Work Around For Simple Oracle interMedia?

Started by David Griffithsabout 24 years ago4 messagesgeneral
Jump to latest
#1David Griffiths
dgriffiths@boats.com

One of our two databases uses context indexes on a column.

If your not familiar, this is part of the Oracle interMedia option. The idea
here is to be able to search for words within a text block. The text block
is in a row, in one of the columns. It can also be HTML, a Word document,
etc. When you index the column, it speeds up finding matching words.

Once that's done, you can search like this:

SELECT SCORE(1) title FROM news_items
WHERE CONTAINS(text, 'Bolivia', 1) > 0;

This would find all rows in the table "news_item" that has the text
"Bolivia" in the "title" column.

SELECT SCORE(1) title FROM news_items
WHERE CONTAINS(text, 'Bolivia OR Peru', 1) > 0;

This would find all rows in the table "news_item" that has the text
"Bolivia" or "Peru" in the "title" column in any order.

This is the most basic usage of the interMedia (you can get it to do a
soundex to match a sound, or get a "near" match or fuzzy match rather than
an exact match, etc.)

But I'm looking for the basic "return all rows where the text in this column
returns this word or these words".

My two thoughts are, write my own function in PERL, or store the text in a
file outside the database and use some OS-features to do the search

Any suggestions?

David

#2Philip Hallstrom
philip@adhesivemedia.com
In reply to: David Griffiths (#1)
Re: Work Around For Simple Oracle interMedia?

I'll be the first to say I'm not a text/search expert, but in src/contrib
there's the following:

fulltextindex - Full text indexing using triggers

and there's this: http://openfts.sourceforge.net/

I haven't used either so can't comment at all... there's also htdig and
mngosearch (external apps).

-philip

On Tue, 12 Feb 2002, David Griffiths wrote:

Show quoted text

One of our two databases uses context indexes on a column.

If your not familiar, this is part of the Oracle interMedia option. The idea
here is to be able to search for words within a text block. The text block
is in a row, in one of the columns.

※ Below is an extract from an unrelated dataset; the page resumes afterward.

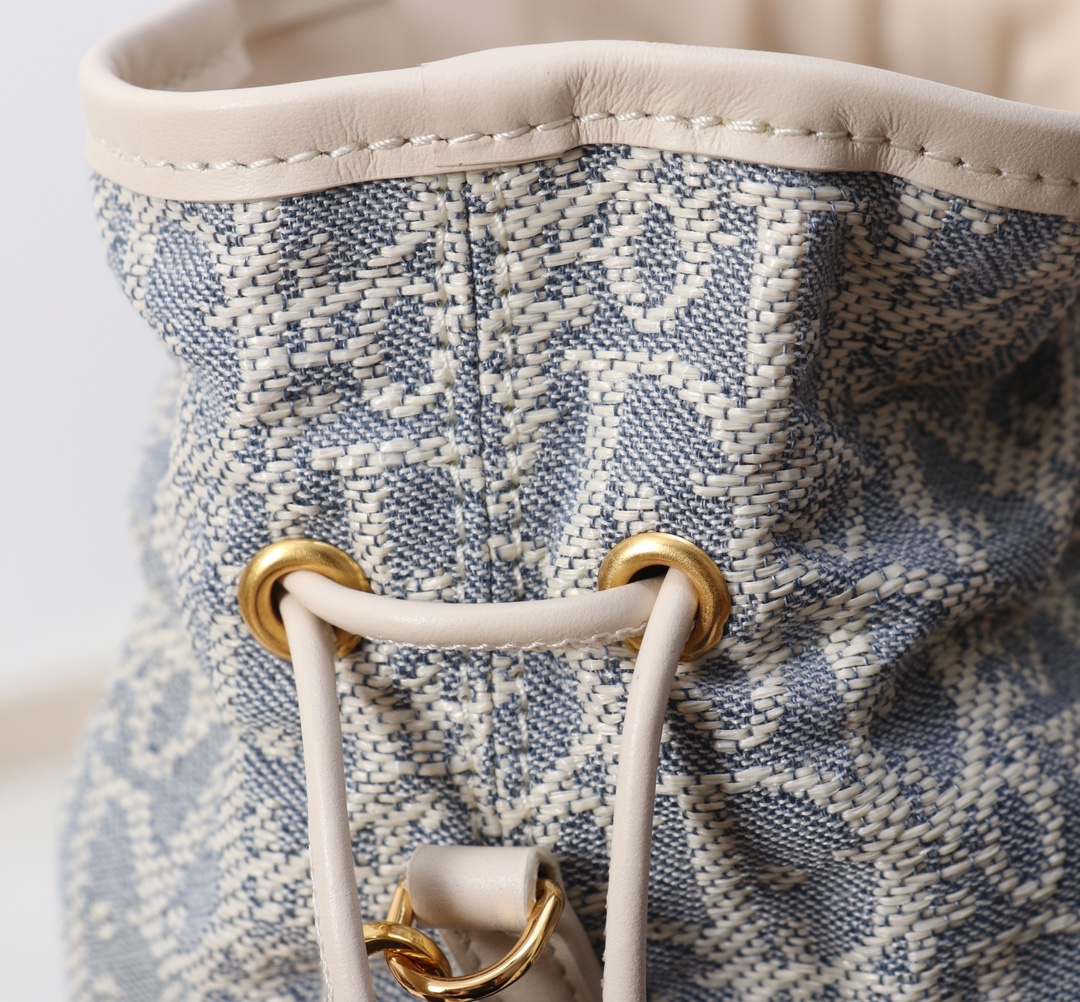 Bagsaaa D10r 30 Montaigne Mini Bucket Bag with Drawstring Blue D10r Oblique Chambray with Raffia Effect - 18.5cm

It can also be HTML, a Word document,
etc. When you index the column, it speeds up finding matching words.

Once that's done, you can search like this:

SELECT SCORE(1) title FROM news_items
WHERE CONTAINS(text, 'Bolivia', 1) > 0;

This would find all rows in the table "news_item" that has the text
"Bolivia" in the "title" column.

SELECT SCORE(1) title FROM news_items
WHERE CONTAINS(text, 'Bolivia OR Peru', 1) > 0;

This would find all rows in the table "news_item" that has the text
"Bolivia" or "Peru" in the "title" column in any order.

This is the most basic usage of the interMedia (you can get it to do a
soundex to match a sound, or get a "near" match or fuzzy match rather than
an exact match, etc.)

But I'm looking for the basic "return all rows where the text in this column
returns this word or these words".

My two thoughts are, write my own function in PERL, or store the text in a
file outside the database and use some OS-features to do the search

Any suggestions?

David

---------------------------(end of broadcast)---------------------------
TIP 5: Have you checked our extensive FAQ?

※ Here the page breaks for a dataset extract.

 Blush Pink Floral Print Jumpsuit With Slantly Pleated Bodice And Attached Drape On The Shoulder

http://www.postgresql.org/users-lounge/docs/faq.html

#3Holger Marzen
holger@marzen.de
In reply to: David Griffiths (#1)
Re: Work Around For Simple Oracle interMedia?

On Tue, 12 Feb 2002, David Griffiths wrote:

One of our two databases uses context indexes on a column.

If your not familiar, this is part of the Oracle interMedia option. The idea
here is to be able to search for words within a text block. The text block
is in a row, in one of the columns. It can also be HTML, a Word document,
etc. When you index the column, it speeds up finding matching words.

I am afraid you have to convert the documents to raw text or RTF first.

Once that's done, you can search like this:

SELECT SCORE(1) title FROM news_items
WHERE CONTAINS(text, 'Bolivia', 1) > 0;

This would find all rows in the table "news_item" that has the text
"Bolivia" in the "title" column.

I don't see any problem here. "ILIKE" or "~*" seem to do the job.

SELECT SCORE(1) title FROM news_items
WHERE CONTAINS(text, 'Bolivia OR Peru', 1) > 0;

This would find all rows in the table "news_item" that has the text
"Bolivia" or "Peru" in the "title" column in any order.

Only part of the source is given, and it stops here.